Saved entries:
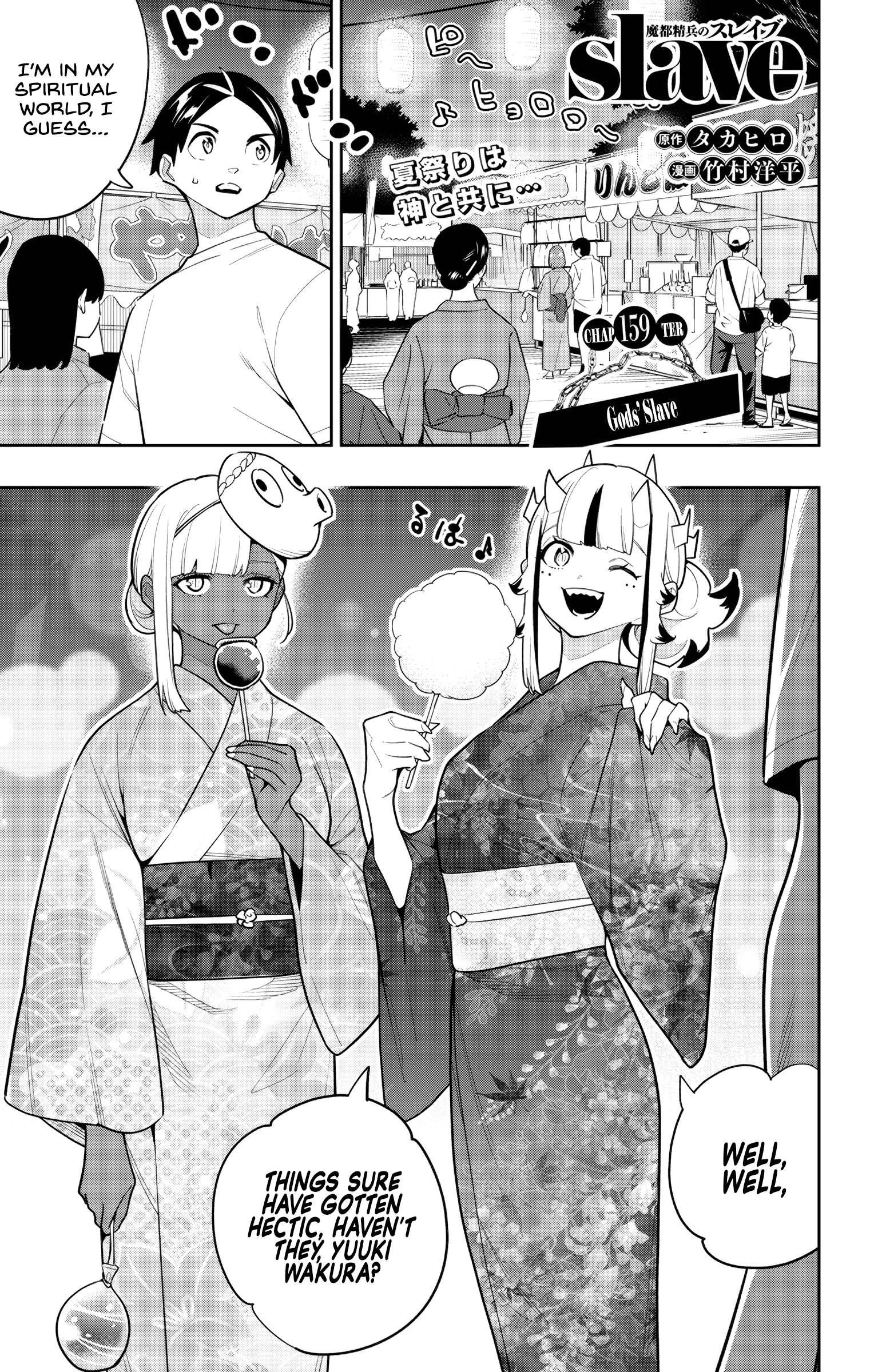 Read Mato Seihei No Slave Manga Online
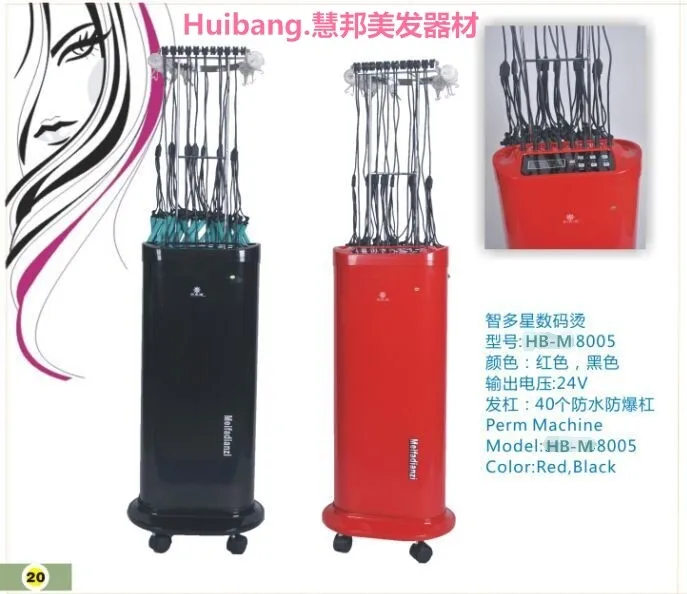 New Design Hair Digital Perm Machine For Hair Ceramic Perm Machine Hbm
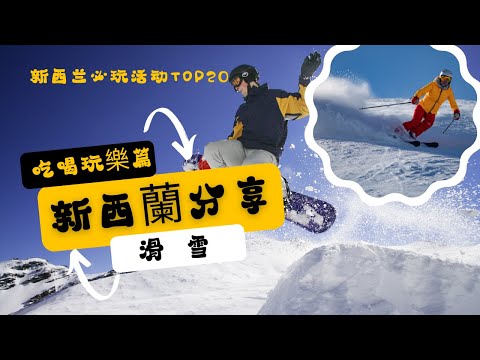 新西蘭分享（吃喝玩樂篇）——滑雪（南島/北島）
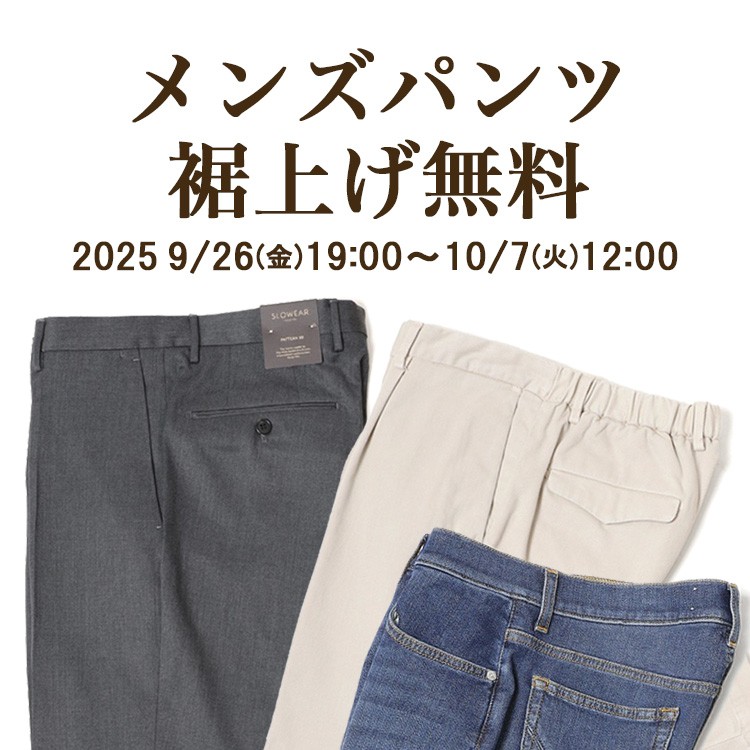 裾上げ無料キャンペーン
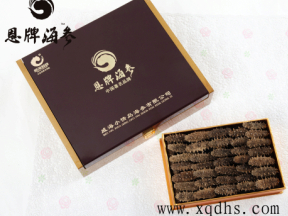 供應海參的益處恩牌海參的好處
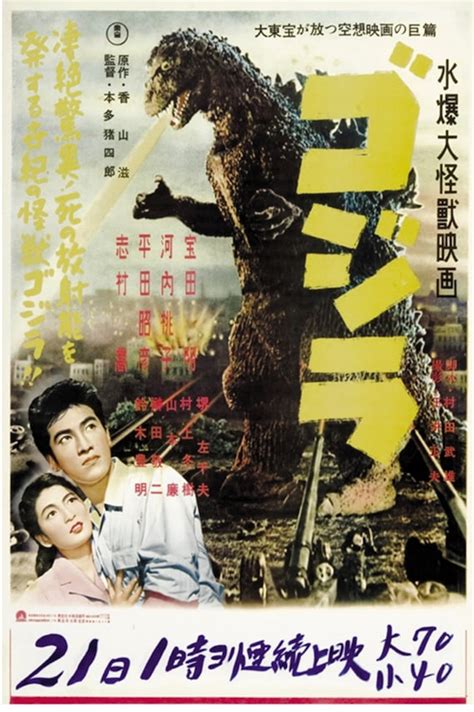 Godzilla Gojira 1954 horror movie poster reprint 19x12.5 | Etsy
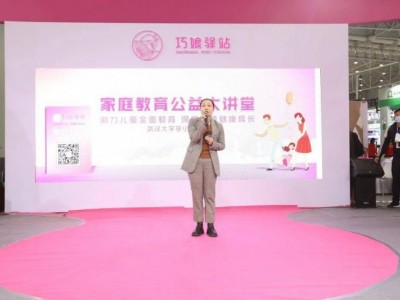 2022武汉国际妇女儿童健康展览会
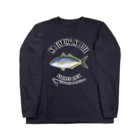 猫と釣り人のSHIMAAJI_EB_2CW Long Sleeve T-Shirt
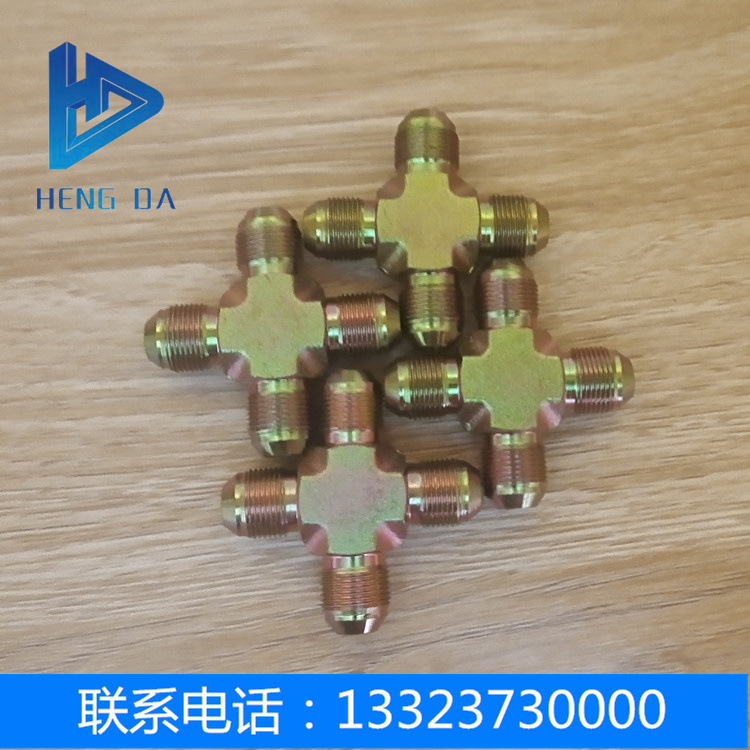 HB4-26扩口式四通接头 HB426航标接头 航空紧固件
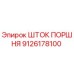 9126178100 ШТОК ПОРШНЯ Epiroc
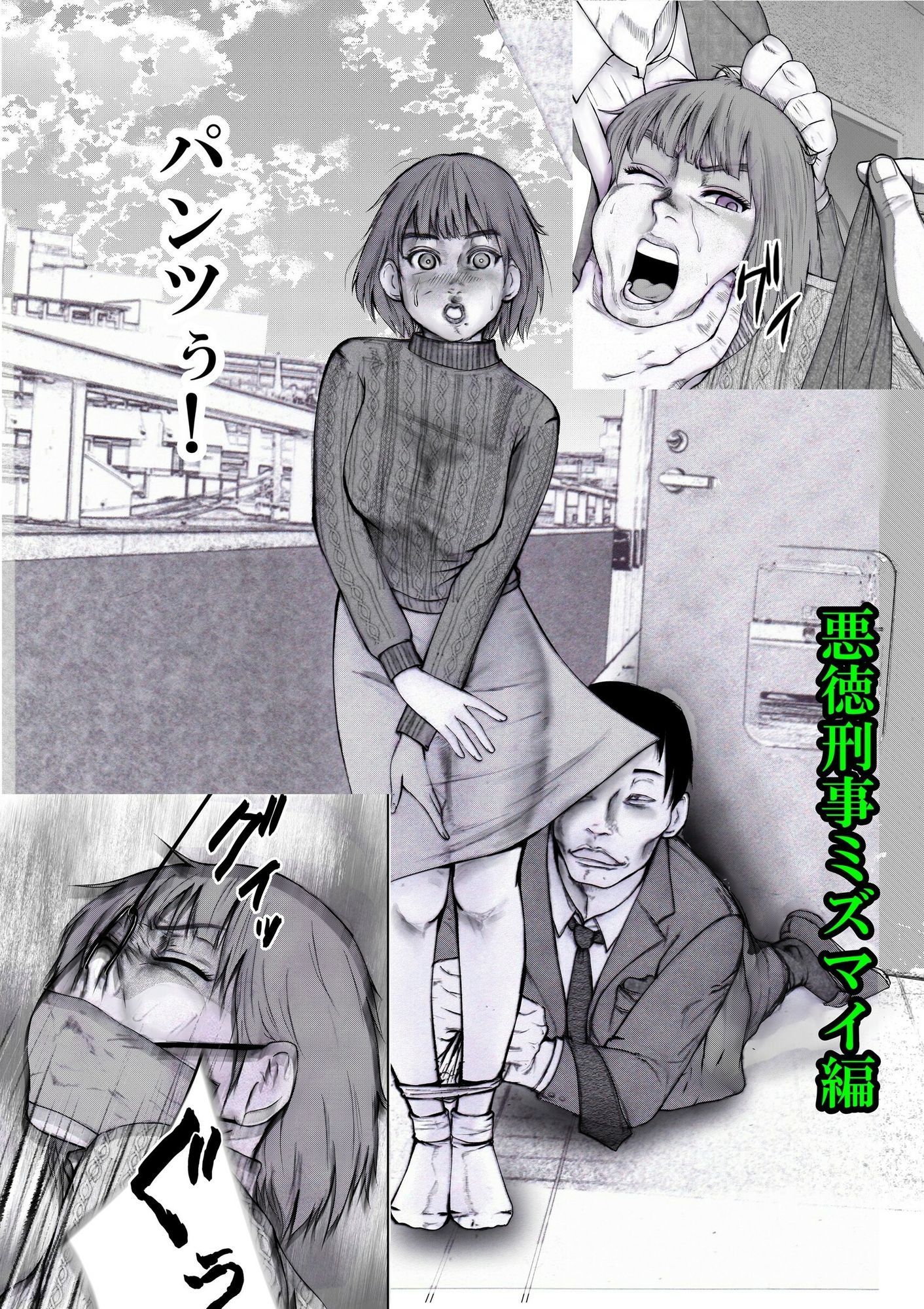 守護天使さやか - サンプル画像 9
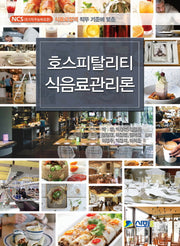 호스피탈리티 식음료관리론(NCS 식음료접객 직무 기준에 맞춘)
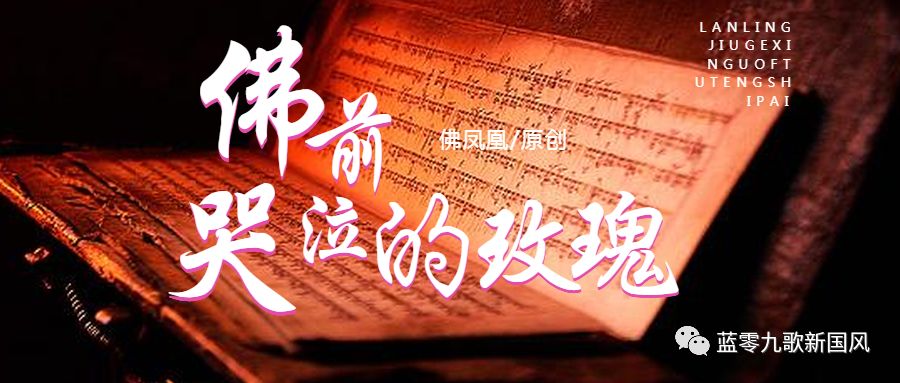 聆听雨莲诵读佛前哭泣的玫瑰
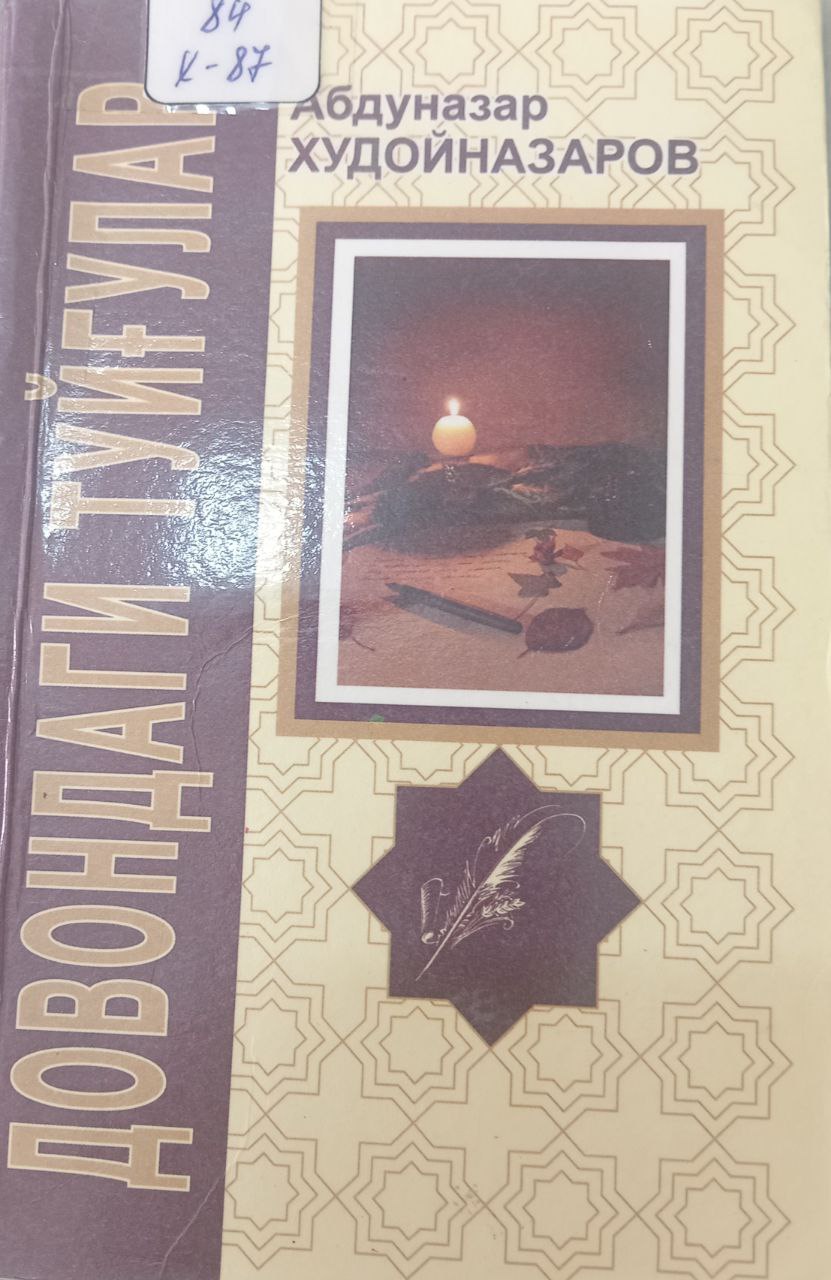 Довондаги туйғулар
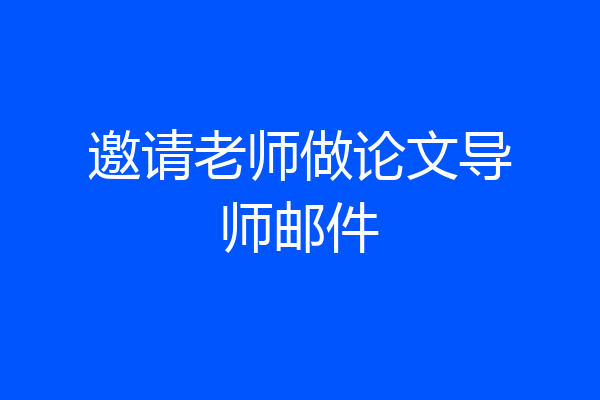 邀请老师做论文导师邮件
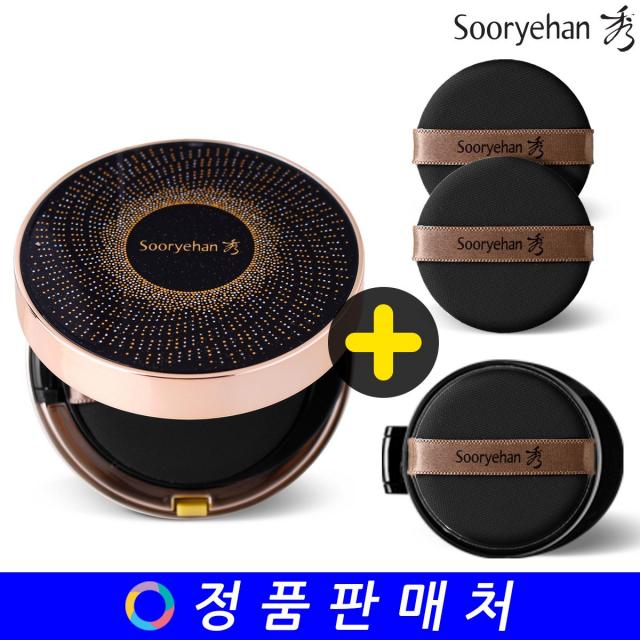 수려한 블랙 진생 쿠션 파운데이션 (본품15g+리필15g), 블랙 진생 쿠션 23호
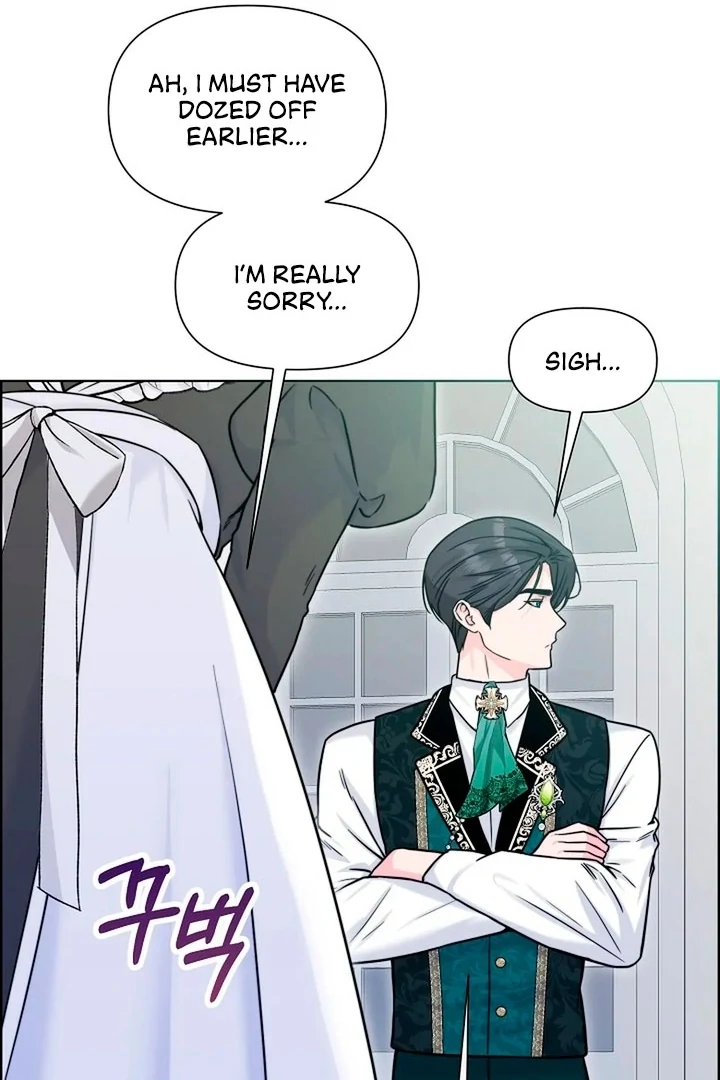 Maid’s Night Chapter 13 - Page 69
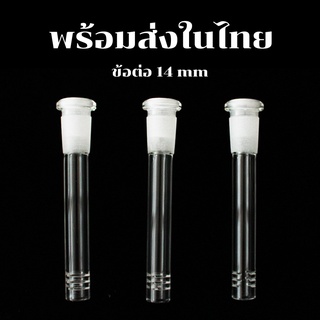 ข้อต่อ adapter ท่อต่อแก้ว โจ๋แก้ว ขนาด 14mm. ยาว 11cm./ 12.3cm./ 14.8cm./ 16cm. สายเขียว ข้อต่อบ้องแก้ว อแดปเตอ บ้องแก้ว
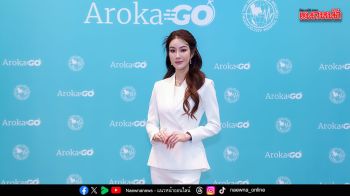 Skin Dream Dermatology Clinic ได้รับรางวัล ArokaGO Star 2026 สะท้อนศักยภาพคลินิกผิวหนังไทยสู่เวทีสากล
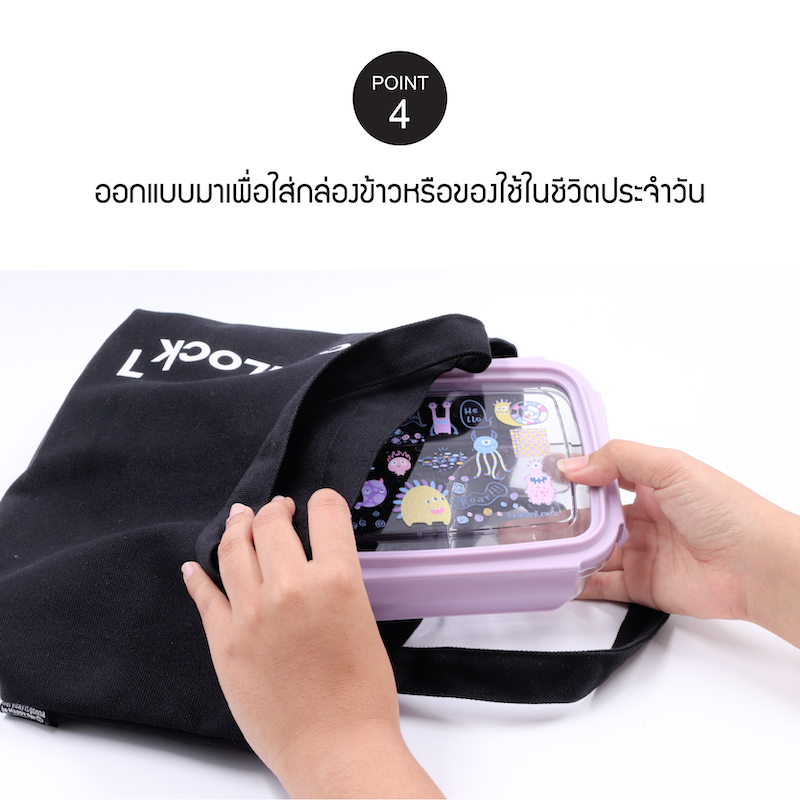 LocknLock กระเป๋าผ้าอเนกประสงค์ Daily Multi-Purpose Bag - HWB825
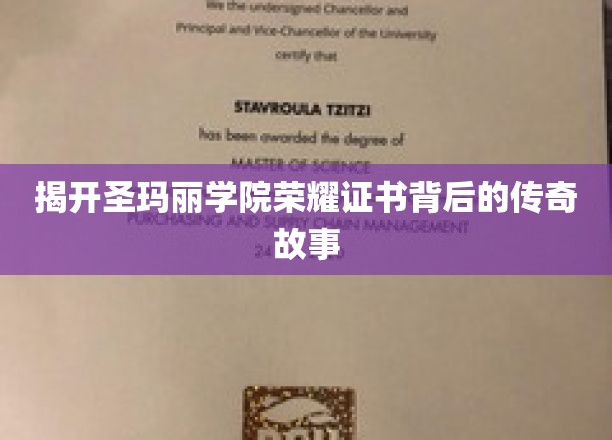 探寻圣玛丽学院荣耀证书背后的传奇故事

▶ **What you should do**: All lines from the beginning of the entries above to the line containing "ข้อต่อ adapter ท่อต่อแก้ว", inclusive, should be printed exactly, apart from the pictures.

▶ **Task output**:
 Read Mato Seihei No Slave Manga Online
 New Design Hair Digital Perm Machine For Hair Ceramic Perm Machine Hbm
 新西蘭分享（吃喝玩樂篇）——滑雪（南島/北島）
 裾上げ無料キャンペーン
 供應海參的益處恩牌海參的好處
 Godzilla Gojira 1954 horror movie poster reprint 19x12.5 | Etsy
 2022武汉国际妇女儿童健康展览会
 猫と釣り人のSHIMAAJI_EB_2CW Long Sleeve T-Shirt
 HB4-26扩口式四通接头 HB426航标接头 航空紧固件
 9126178100 ШТОК ПОРШНЯ Epiroc
 守護天使さやか - サンプル画像 9
 호스피탈리티 식음료관리론(NCS 식음료접객 직무 기준에 맞춘)
 聆听雨莲诵读佛前哭泣的玫瑰
 Довондаги туйғулар
 邀请老师做论文导师邮件
 수려한 블랙 진생 쿠션 파운데이션 (본품15g+리필15g), 블랙 진생 쿠션 23호
 Maid’s Night Chapter 13 - Page 69
 ข้อต่อ adapter ท่อต่อแก้ว โจ๋แก้ว ขนาด 14mm. ยาว 11cm./ 12.3cm./ 14.8cm./ 16cm. สายเขียว ข้อต่อบ้องแก้ว อแดปเตอ บ้องแก้ว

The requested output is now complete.